Thanks for the code snippet.
It still won’t work as described before, since the newly assigned attributes are never used:

model_ft = models.resnet34(pretrained=True)
model_ft.fc_1 = nn.Sequential( nn.Dropout(0.1), nn.Linear(1000, 512))
model_ft.fc_2 = nn.Sequential( nn.Dropout(0.1), nn.Linear(512, 512))
model_ft.fc_3 = nn.Sequential( nn.Dropout(0.1), nn.Linear(512, 256))
model_ft.fc_4 = nn.Sequential( nn.Dropout(0.1), nn.Linear(256, 128))
model_ft.fc_5 = nn.Linear(128, 2)

x = torch.randn(1, 3, 224, 224)
out = model_ft(x)
print(out.shape)
> torch.Size([1, 1000])

You might expect the output tensor to have the shape [batch_size=1, 2], but without overriding the forward method they won’t be used.

Wrapping the model into an nn.Sequential container might also not work directly, since you would lose all functional API calls (from the original forward) and would append the modules based on their initialization order to the nn.Sequential container. I would thus recommend to use nn.Sequential for strictly sequential models and write a custom nn.Module for other use cases.

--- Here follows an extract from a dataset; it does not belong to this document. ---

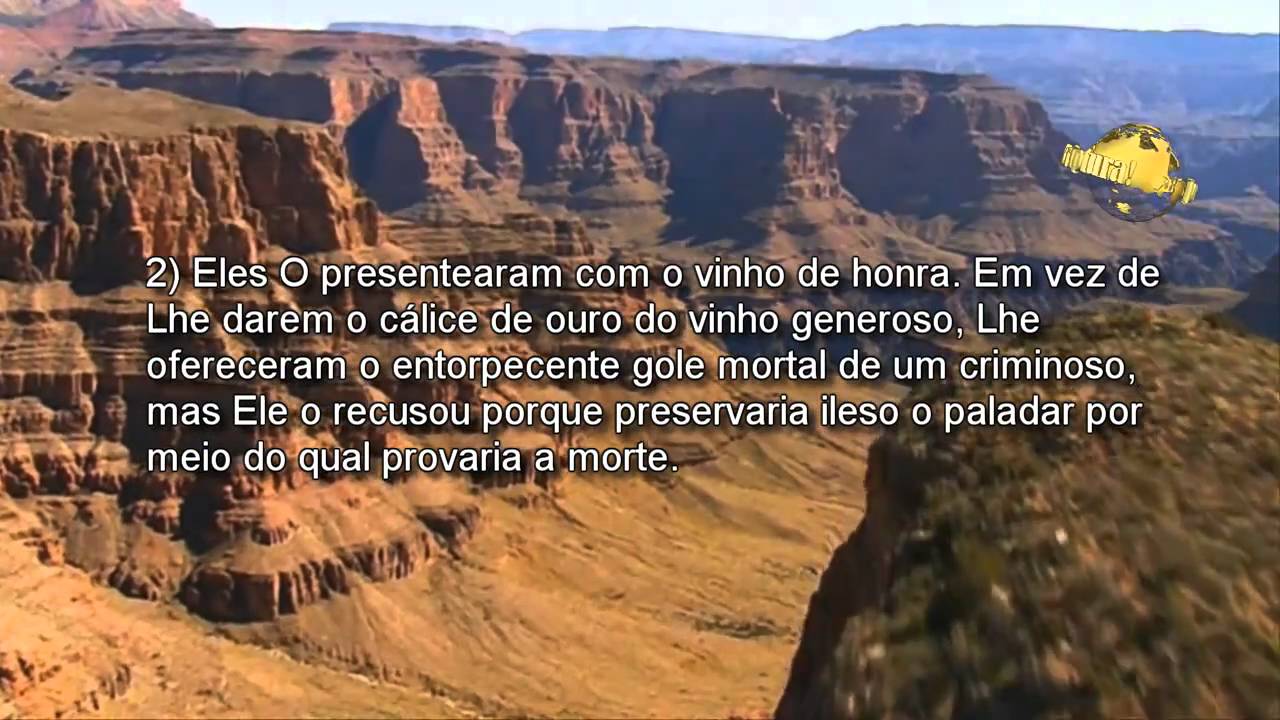 A Cegueira Humana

I am quite new to pytorch, can you give me an example to add layer to model, train it.
During test strip it and get features from last but layer.

model= models.resnet34(pretrained=True)
# add some layer to model -- some example here

# train phase
x = torch.randn(1, 3, 224, 224)
out = model(x)
# test phase
feature_extractor = torch.nn.Sequential(*list(model_ft.children())[:-1])
y = torch.randn(1, 3, 224, 224)
out = feature_extractor(y) # in this example need 1000 features

Adding to what @ptrblck said, one way to add new layers to a pretrained resnet34 model would be the following:

  • Write a custom nn.Module, say MyNet
  • Include a pretrained resnet34 instance, say myResnet34, as a layer of MyNet
  • Add your fc_* layers as other layers of MyNet
  • In the forward function of MyNet, pass the input successively through myResnet34 and the various fc_* layers, in order.

And one way to get the output of fc_4 is to just return it from the forward function, along with the output of the last layer, as, say, a tuple.

The key to solving this problem is to think of the entire pretrained myResnet34 as a single layer, because that is what it effectively is, in this case.

If you don’t know how to do the steps I described above, it will be well worth your while learning how to do so. The official PyTorch tutorial is a good place to start.